87 Misc. 2d 257 | N.Y. App. Term. | 1976
Order is unanimously reversed on the law, motion to dismiss denied, and matter remitted to the court below for appropriate proceedings.
Defendant was charged with consensual sodomy (Penal Law, § 130.38). He contended below that the consensual sodomy statute as defined by subdivision 2 of section 130.00 of the Penal Law was unconstitutional in that it denied him equal protection of the law in that it excepted persons married to each other from prosecution under this section. The lower court agreed with defendant’s contention (80 Misc 2d 511).

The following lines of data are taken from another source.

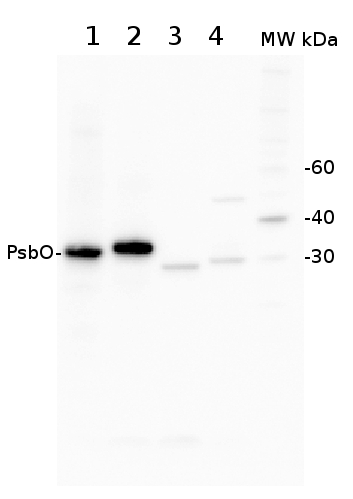 western blot using anti-PsbO antibodies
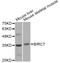 Baculoviral IAP Repeat Containing 7 antibody, LS-C747695, Lifespan Biosciences, Western Blot image 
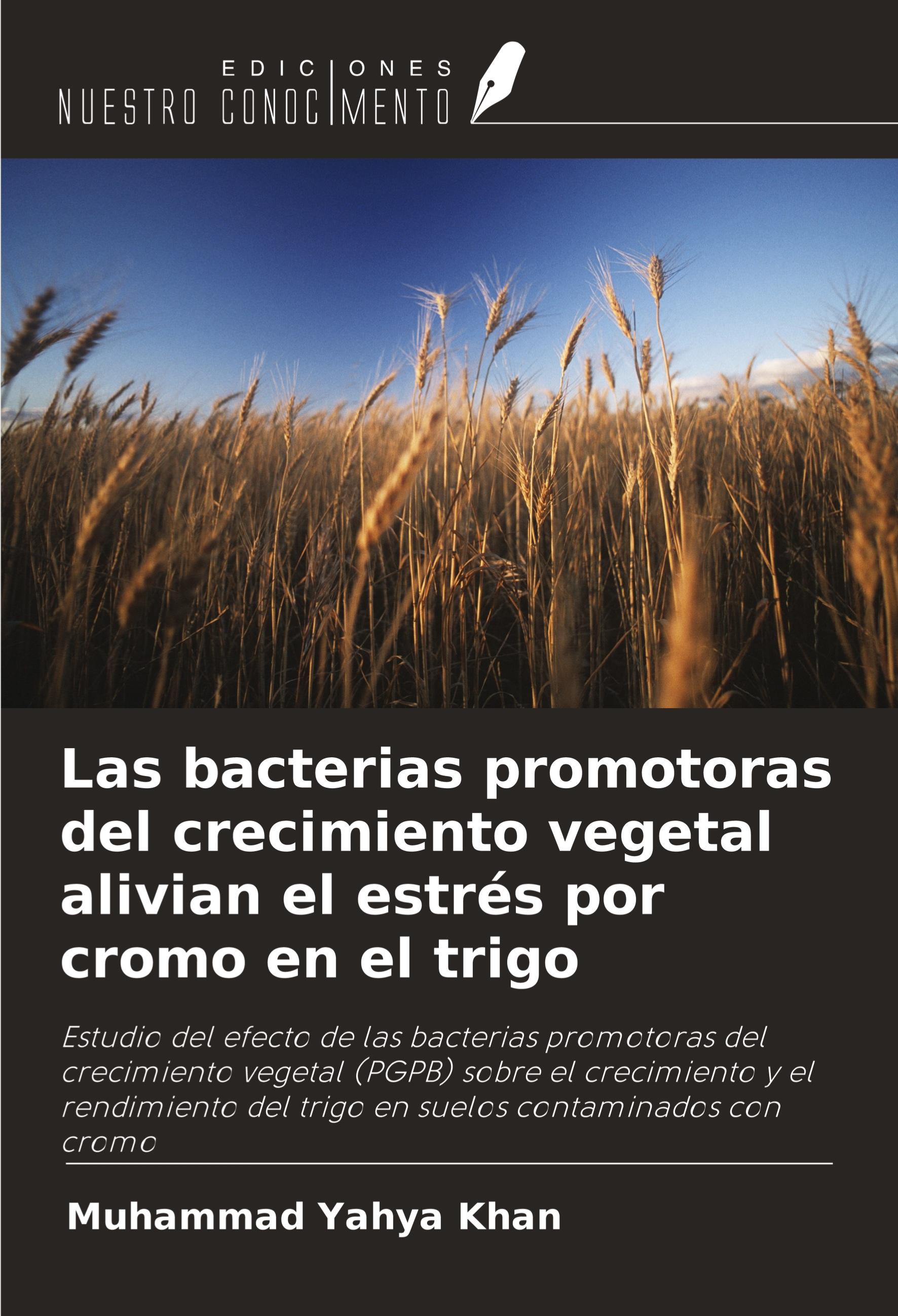 Las bacterias promotoras del crecimiento vegetal alivian el estrés por cromo en el trigo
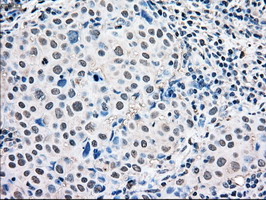 m00030 1 anti erk2 mapk1 mouse monoclonal antibody clone id oti6f8 ihc testing 6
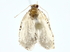  ( - BIOUG80757-C09)  @11 [ ] CreativeCommons - Attribution (2022) CBG Photography Group Centre for Biodiversity Genomics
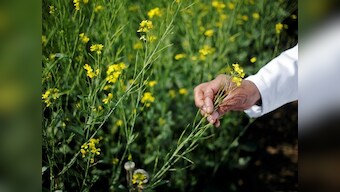 Scientist finds a new strains of soil bacteria that could be used to develop bio-pesticides in the future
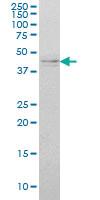 Anti-IKBKG Mouse Monoclonal Antibody [clone: 4G9]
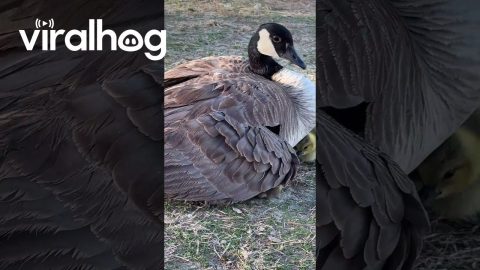 Goslings Keep Warm Under Mom's Wing || ViralHog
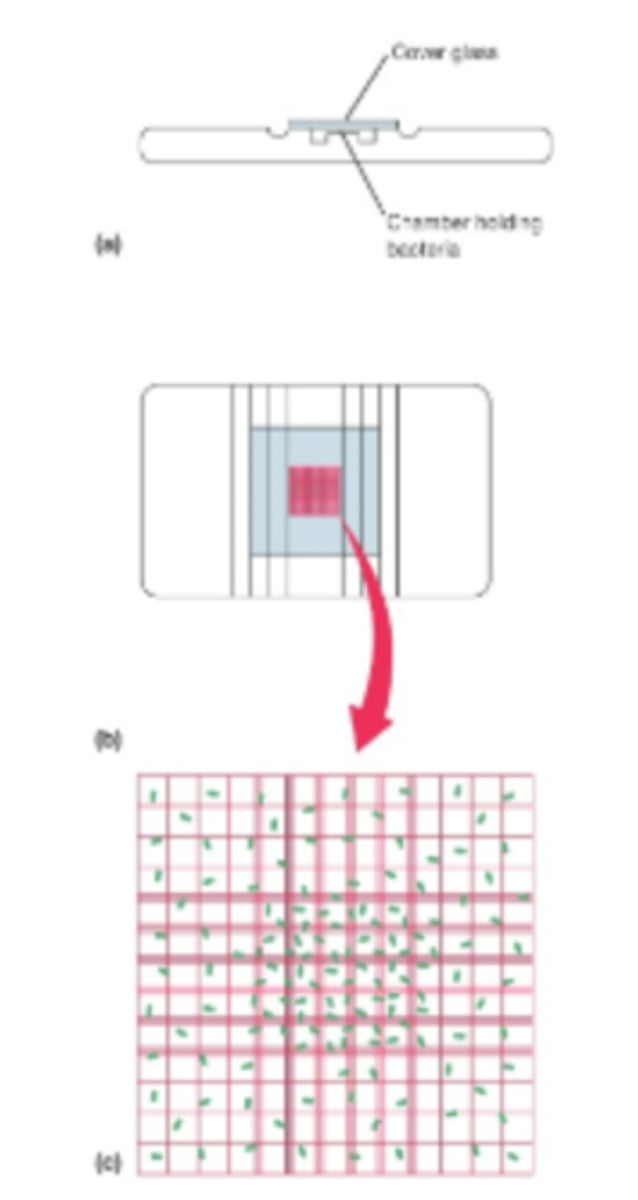 <p>- easy, expensive, quick</p><p>- useful for counting both prokaryotes and eukaryotes</p><p>- cannot distinguish living from dead cells</p>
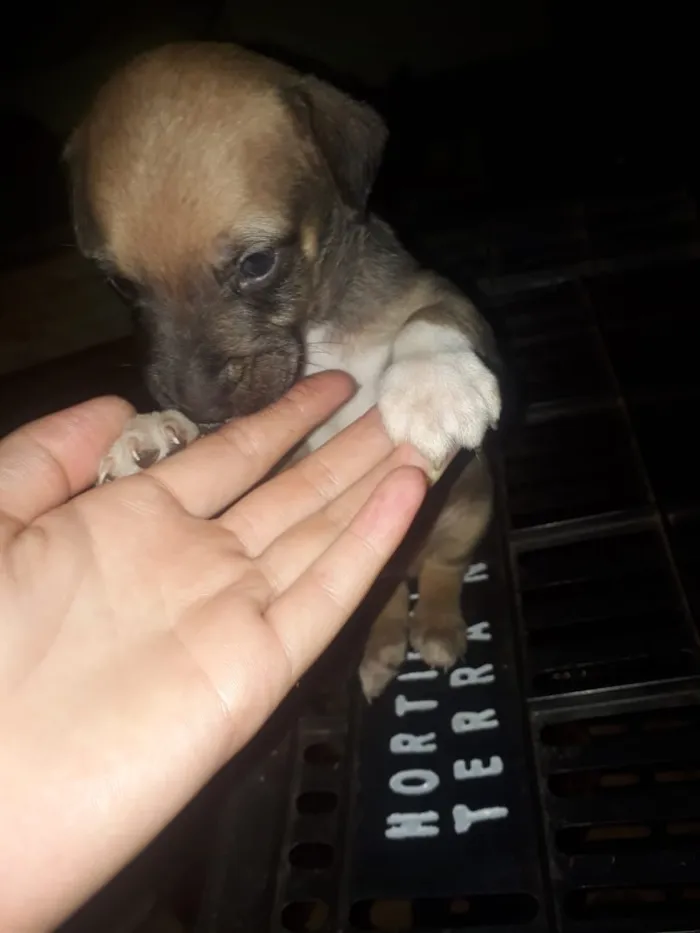 Cachorro ra a Viralata idade Abaixo de 2 meses nome Não definido 
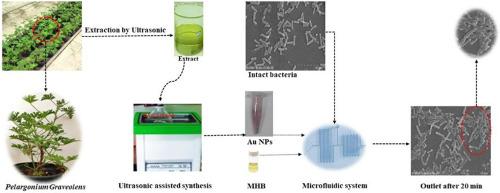 Ultrasound-assisted green synthesis of gold nanoparticles using Pelargonium graveolens leaf extract: Antibacterial activity and microfluidic evaluation of mechanistic effects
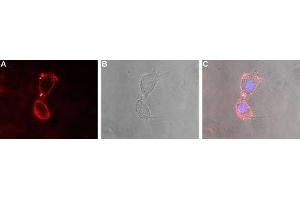 Expression of Glutamate receptor δ2 in rat PC12 cells - Cell surface detection of GluD2 in live intact rat PC12 pheochromocytoma cells. (GRID2 抗体  (Extracellular, N-Term))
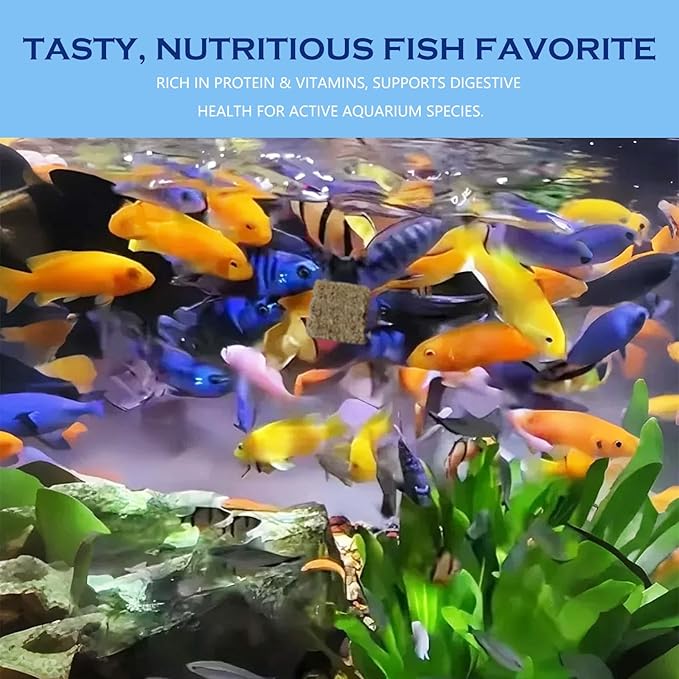 Freeze Dried Tubifex Worms Cubes 3.5 oz – High Protein Floating Fish Food for Betta, Discus, Cichlids, Tropical Fish, Goldfish, Koi & Turtles
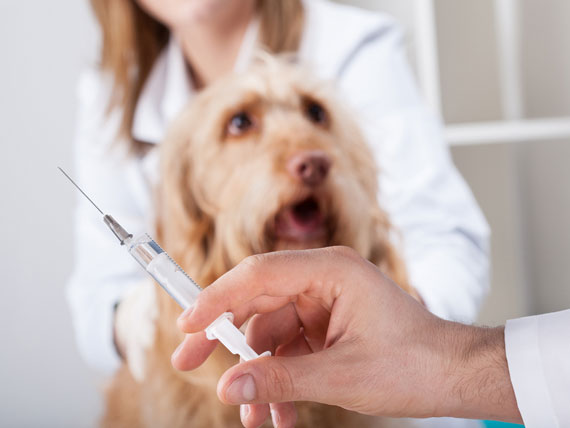 Using Viruses to Treat Cancer in Pets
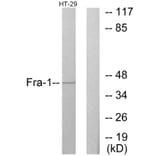 Western Blot - Anti-Fra-1 Antibody (C10381) - Antibodies.com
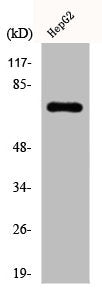 DDX3X Antibody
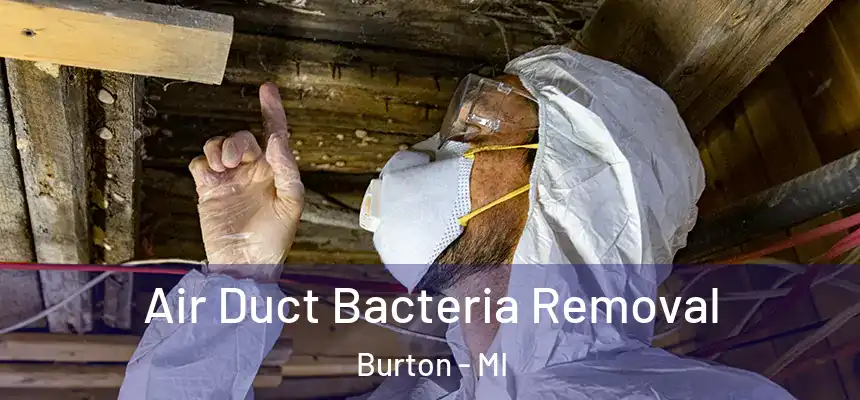 Air Duct Bacteria Removal Burton - MI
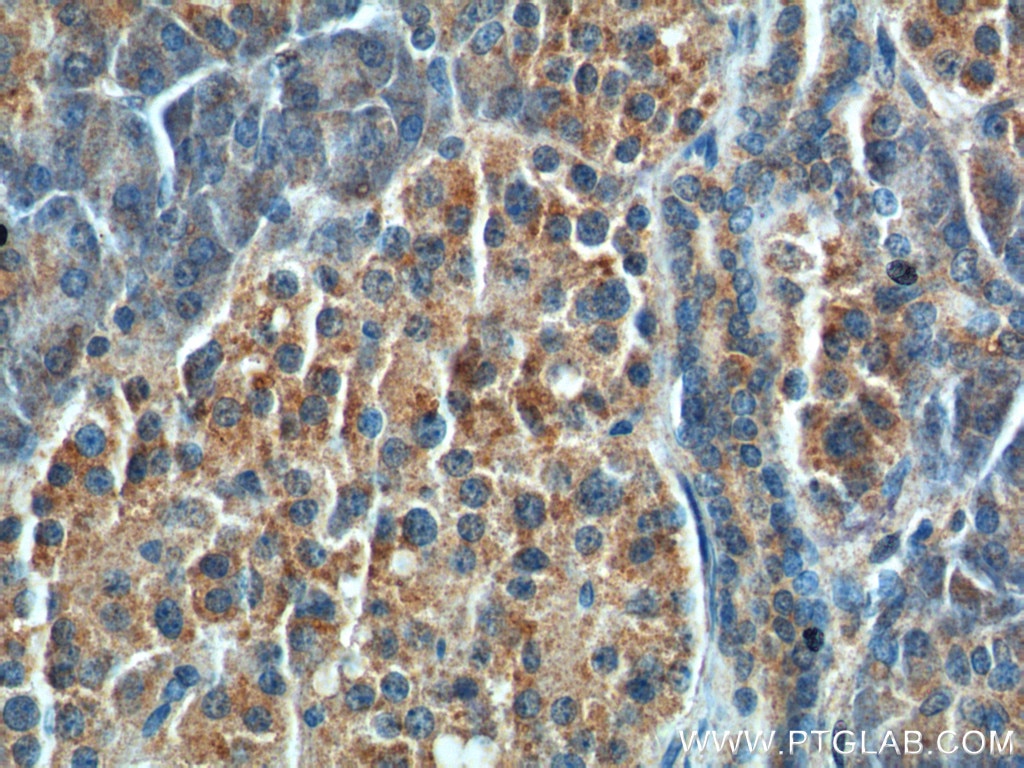 Immunohistochemistry (IHC) staining of human pancreas tissue using CCK Polyclonal antibody (13074-2-AP)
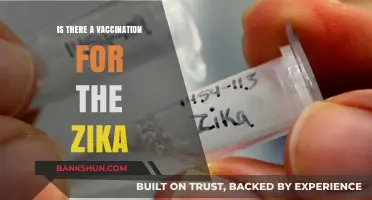Zika Virus Vaccination: Current Status and Future Prospects Explained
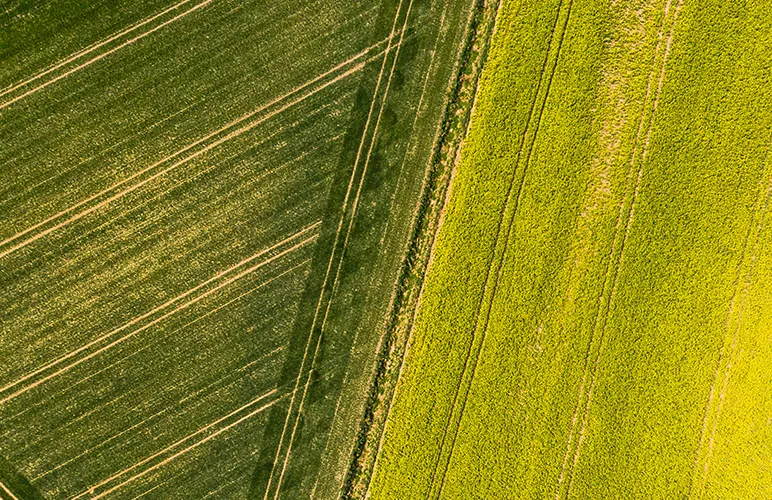 genome-edited crops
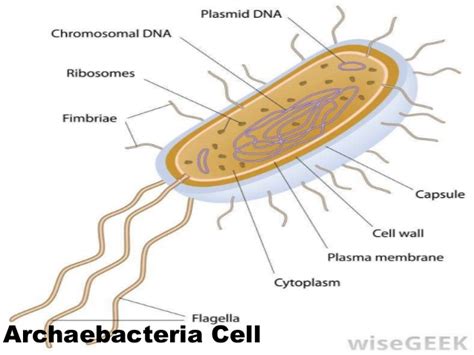 Pengertian, Ciri, Struktur, Habitat dan Klasifikasi Archaeobacteria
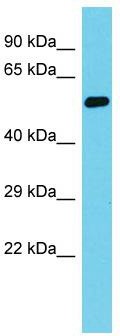Host: Rabbit; Target Name: MSANTD2; Sample Tissue: Fetal Heart lysates; Antibody Dilution: 1.0ug/ml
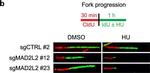 Rat IgG (H+L) Cross-Adsorbed Secondary Antibody in Not Applicable (N/A)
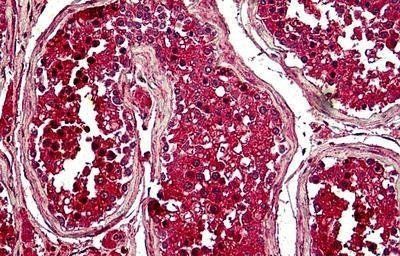 Goat anti-Pituitary tumor-transforming 1 / Securin Antibody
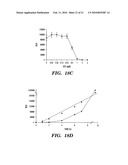 Secreted Luciferase Fluorescent Protein Conjugate Nucleic Acid Construct and Uses Thereof diagram and image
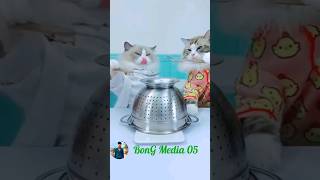 cat cartoon video cat animation video🥰🥰shorts shortvideo viralvideo cat cartoon [upl. by Arron353]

It is the opinion of this court that defendant has standing to attack the constitutionality of the statute since under the facts as presented, he had a right to an expectation of privacy (see Smayda v United States, 352 F2d 251). States have always had the right and power to regulate sexual conduct in order to promote the health, safety and morals of their inhabitants, and while the statute in question could have prohibited consensual sodomy in its entirety, it merely included within the definition of "deviate sexual intercourse” the exception which would have been required in any case under the decision in Griswold v Connecticut (381 US 479). Eisenstadt v Baird (405 US 438) does not require any extension of the right to privacy to unmarried couples regarding the issue of sodomy. Eisenstadt merely extended the right of an unmarried person to have contraceptives made available to her based on her fundamental right to decide whether to bear or beget a child. No case has been reported or cited by defendant which would recognize a fundamental right to commit consensual sodomy. The only exception to the New York statute has been mandated by the Griswold decision based on the privacy attached to the marital relationship. Without this requisite base, to wit: marriage, there can be no exception under the rationale of Griswold.
Concur: Glickman, P. J., Pittoni and Gagliardi, JJ.